Ela também afirma que as medidas que constam no Código Disciplinar, são punitivas, e não educativas:
— Já expusemos o nosso repúdio à forma como todo esse processo foi construído. E o reitor entendeu que deveria prevalecer a visão dele e não o dos estudantes. Somos expressamente contrários a este documento.
Segundo Paola, a gestão do reitor Burmann negou a participação de alunos na comissão que tratou da elaboração do documento que embasou o Código Disciplinar. Já o reitor Paulo Burmann afirma que foi garantida "voz e vez" ao DCE.
Sanções
Na minuta que constitui o Código Disciplinar, que conta com oito páginas, estão detalhadas as disposições gerais bem como as medidas a serem aplicadas em casos violação das regras de convívio dentro da universidade.

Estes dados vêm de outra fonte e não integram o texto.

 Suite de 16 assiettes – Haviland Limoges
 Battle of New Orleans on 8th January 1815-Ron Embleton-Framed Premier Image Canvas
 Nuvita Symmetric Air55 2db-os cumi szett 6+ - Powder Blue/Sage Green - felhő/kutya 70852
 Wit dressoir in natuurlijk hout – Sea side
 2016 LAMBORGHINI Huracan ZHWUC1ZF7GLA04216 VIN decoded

As infrações disciplinares estão classificadas em leves (com aplicação de advertência), médias (cabíveis de advertência ou repreensão), graves (com suspensão máxima de 45 dias) e, por fim, gravíssimas (podendo ser uma suspensão ou o desligamento da instituição).

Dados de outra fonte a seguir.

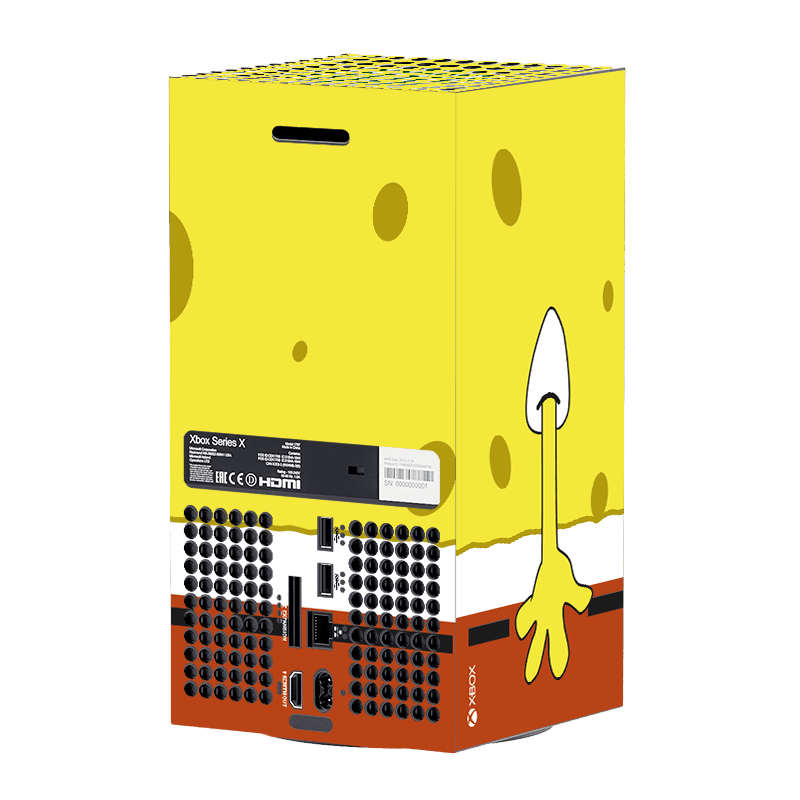 SpongeBob SquarePants Xbox Series X Skin Xonebrand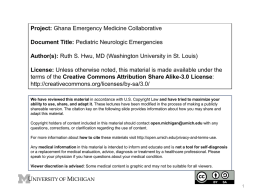 Pediatric Neurologic Emergencies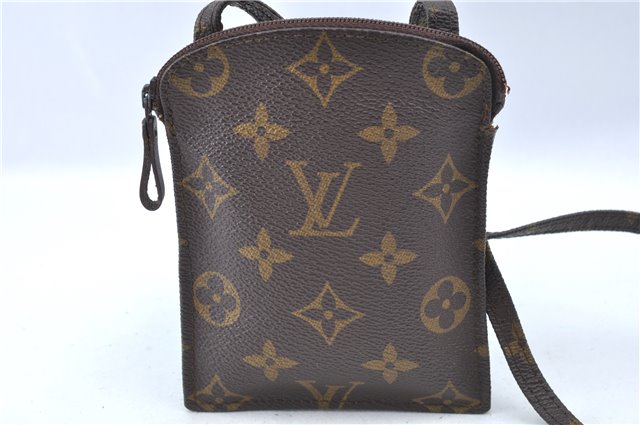 Authentic Louis Vuitton Monogram Pochette Secret M45484 Shoulder Bag Pouch J8114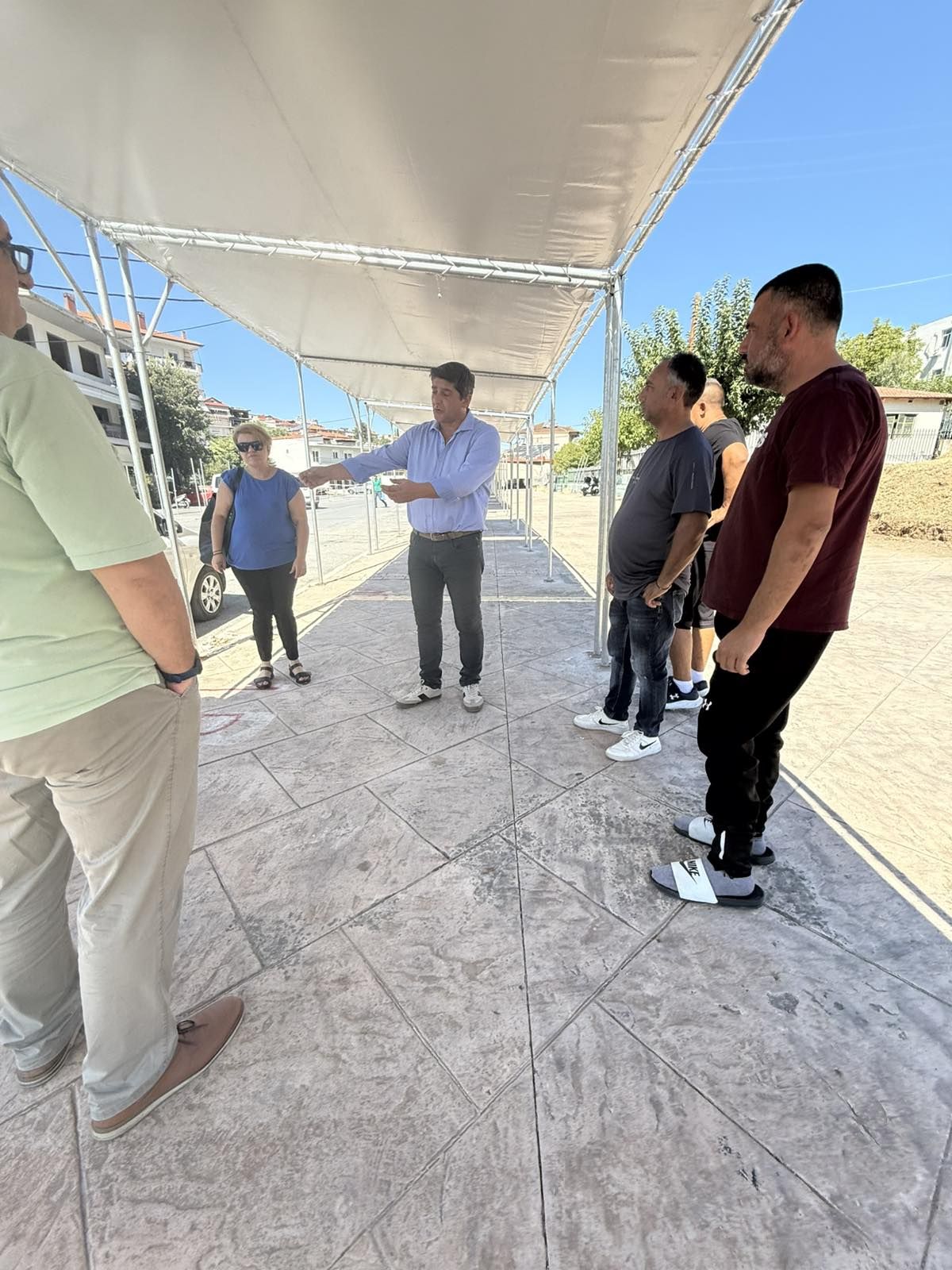 Επίσκεψη Δημάρχου Πέλλας στις εγκαταστάσεις της Εμποροπανήγυρης Γιαννιτσών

O documento traz alguns exemplos para cada tipo de infração. Confira, abaixo, algumas situações:
Leves
- Não respeitar o horário de sossego público estabelecidos nas áreas da moradia estudantil, Hospital Universitário de Santa Maria (Husm) e Hospital Veterinário.
- Apresentar-se publicamente em estado de embriaguez ou sob efeito de substâncias entorpecentes de modo que ponha em perigo a segurança própria ou alheia.
Médias
- Danificar a coisa pública ou alheia.
- Comunicar a ocorrência de infração ou irregularidade que se saiba ser inexistente ou que não se tenha verificado.
Graves
- Vender drogas ou substâncias entorpecentes nas dependências dentro da universidade.
- Destruir, inutilizar, furtar ou receptar coisa pública ou alheia.
Gravíssimas
- Destruir ou inutilizar o patrimônio histórico, cultural, científico da universidade.
- Praticar violência que resulte lesão corporal, grave, gravíssima ou morte.
- Praticar estupro ou atentando violento ao pudor.
- Induzir, incitar ou praticar a discriminação ou preconceito de sexo, cor, etnia, religião ou procedência nacional.
- Manifestar expressões de cunho racista ou injúria racial.
Racismo e estupros
A universidade apura, por meio de acompanhamento interno, o caso de um aluno suspeito de ter estuprado uma jovem dentro da Casa do Estudante (CEU), no campus da UFSM. Além disso, no ano passado, a instituição contabilizou manifestações de ódio a estudantes negros.